Aim of the exercise: Would you transcribe the records below exactly, omitting every picture?

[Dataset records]
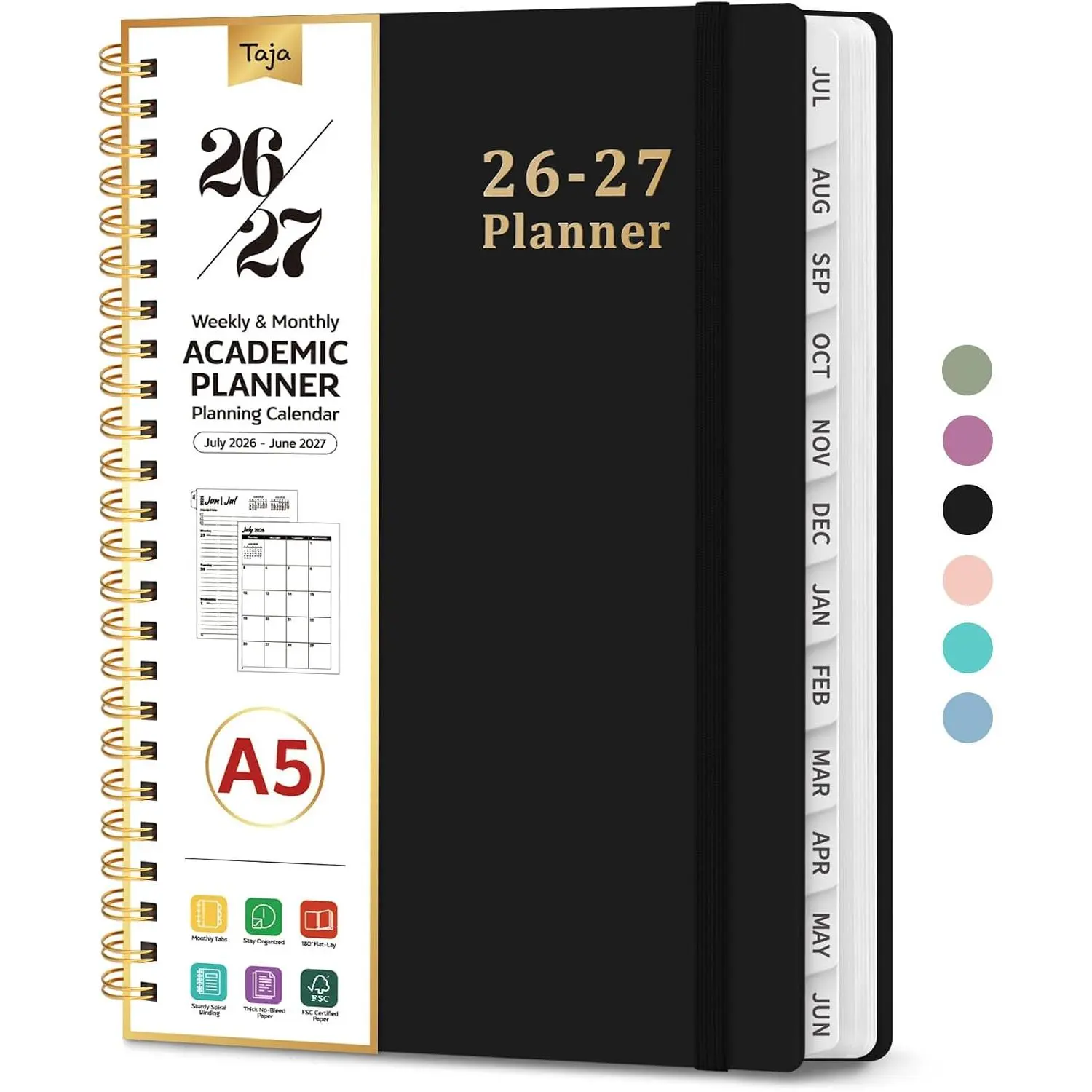 Planner 2026-2027, 6.3" x 8.5" Weekly and Monthly Academic Year Planner Calendar, July 2026 - June 2027, Hardcover Large School Planning Agenda With Tabs, Perfect for School & Office Supplies, A5, Black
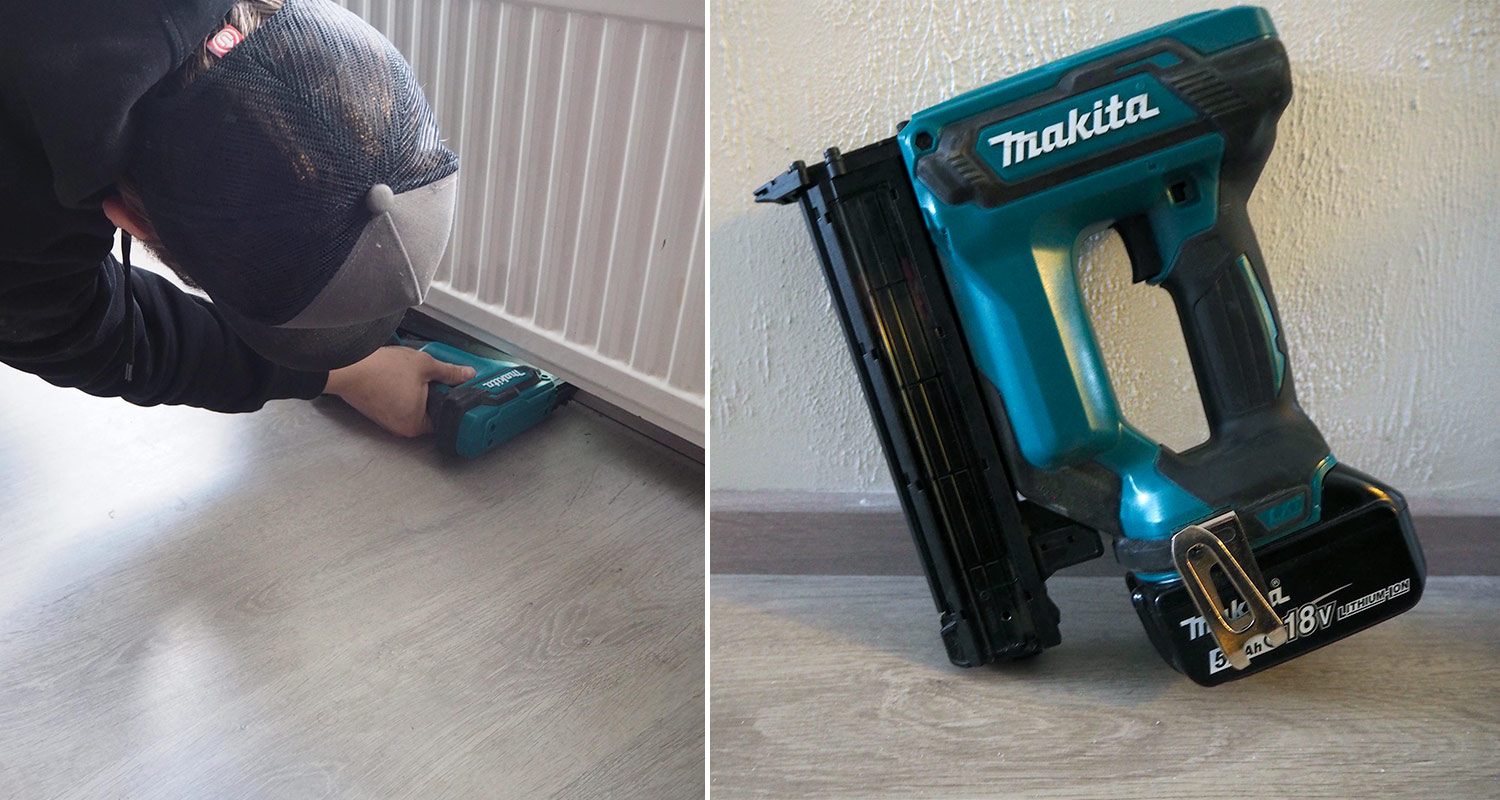 Ammattilainen asentaa listaa paikalleen Makitan viimeistelynaulaimen avulla. 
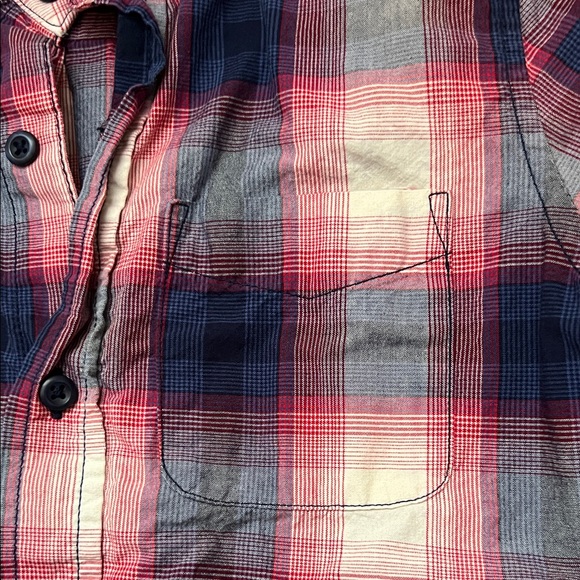 The Children's Place Plaid Button Down Shirt - Pink and Blue - Picture 3 of 5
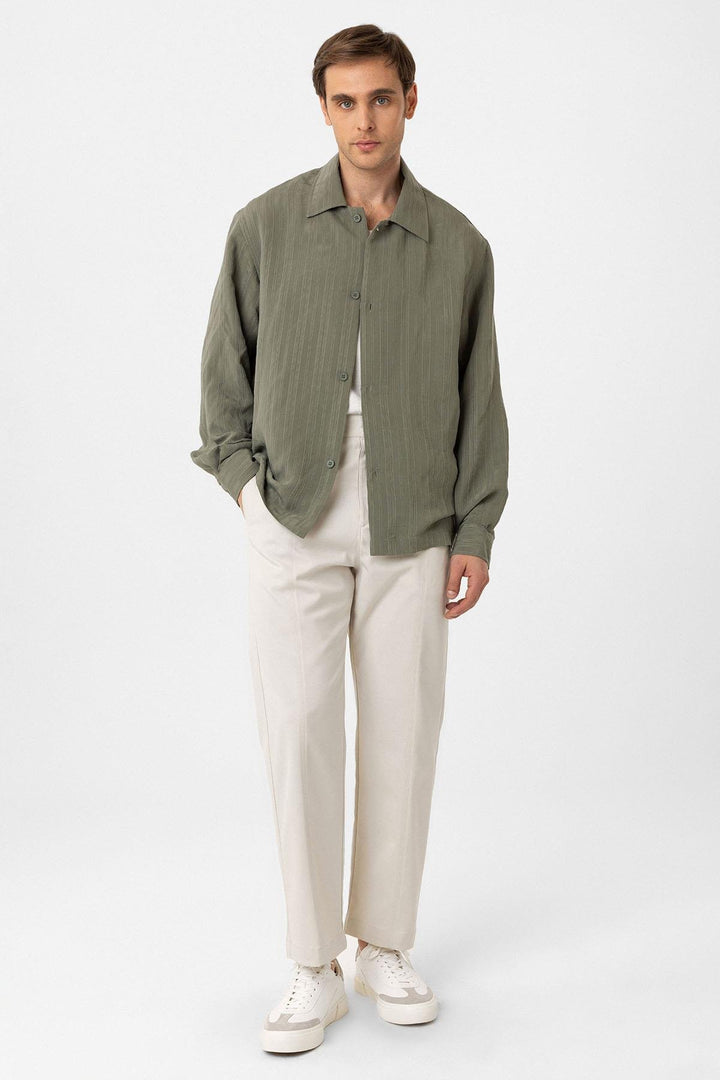 ANT Antioch Haki Oversize Textured Men's Shirt - Panevėžys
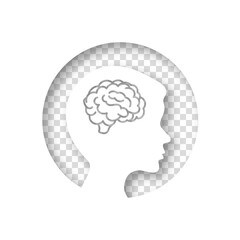 Boy head brain sign icon. Conceptual illustration of migraine in people. Silhouette of a child. Vector clipart illustration. Paper cut on transparent background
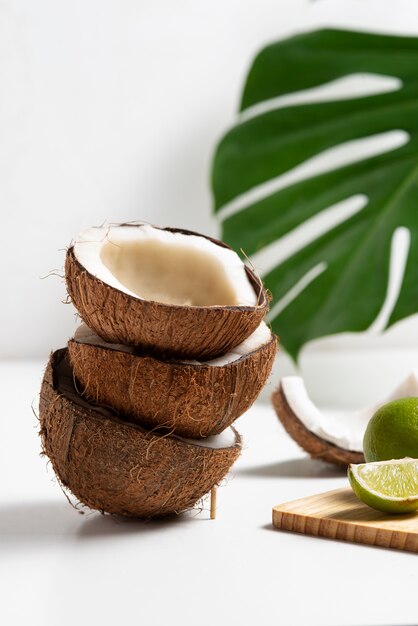 coconuts and leaf with white background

Your response:
 Planner 2026-2027, 6.3" x 8.5" Weekly and Monthly Academic Year Planner Calendar, July 2026 - June 2027, Hardcover Large School Planning Agenda With Tabs, Perfect for School & Office Supplies, A5, Black
 Ammattilainen asentaa listaa paikalleen Makitan viimeistelynaulaimen avulla. 
 The Children's Place Plaid Button Down Shirt - Pink and Blue - Picture 3 of 5
 ANT Antioch Haki Oversize Textured Men's Shirt - Panevėžys
 Boy head brain sign icon. Conceptual illustration of migraine in people. Silhouette of a child. Vector clipart illustration. Paper cut on transparent background
 coconuts and leaf with white background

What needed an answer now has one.